Начинало светать. Впереди на сероватом фоне восхода чернели высокие трубы поселка, сожженного орудийным огнем.

Митька вздрогнул и выпрямился.

Позади себя он услышал знакомый сипловатый голос Меркулова.

- Есть у них, понимаешь, один капитан. Туркул фамилия, - говорил Меркулов, покашливая. - С ученой собакой ходит. Ребята сказывали: страшила, каких свет не видывал. Глаза кровью налитые, ажник пламя горят. Шерсть дыбом… Ну, и как Туркул какого из наших в плен поймает, так зараз голым разденет и к дереву либо к столбу привяжет, а сам на собаку: "Бери!" Ну, а та, значит, терзает его.
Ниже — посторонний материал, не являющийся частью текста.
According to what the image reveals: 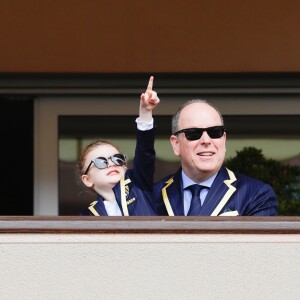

- За горло? - спросил другой голос.

- Добро бы… Она у него так уже приученная… Очень я желаю энтого капитана поймать, - сказал Меркулов зловеще.

Полк втягивался в поселок. По обе стороны дороги дымились развалины.

- Гляди, еще висят! - показал Меркулов.

Вправо на перекладине от качелей висело несколько трупов, по виду шахтеры.

Вдали раскатился одинокий выстрел. Лошади встрепенулись, запряли ушами.

Колонна взяла рысью. По земле покатился быстрый конский топот.

Ступак повернулся в седле и подал команду:

- Лопатин! Федоренко! Сменить головной дозор!

Митька снял с плеча винтовку и, толкнув лошадь, поднял в галоп.

Близ поселковой рощи шумела толпа. Со всех сторон подбегали все новые люди. В толпе виднелись засаленные фуражки, шапки шахтеров. Слышались говор и крики. Возбужденно размахивая руками, люди смотрели в степь, где за косой сеткой летящего снега виднелись какие-то всадники.

- Наши! Наши идут!

- Дождались, ребята, ура!

- Гляди, гляди, едут!

- Наши? А может, не наши? - прижмуривая подслеповатые глаза, опасливо говорил старый шахтер с колючими усами. - Гляди, сынки, чтоб плохо не вышло.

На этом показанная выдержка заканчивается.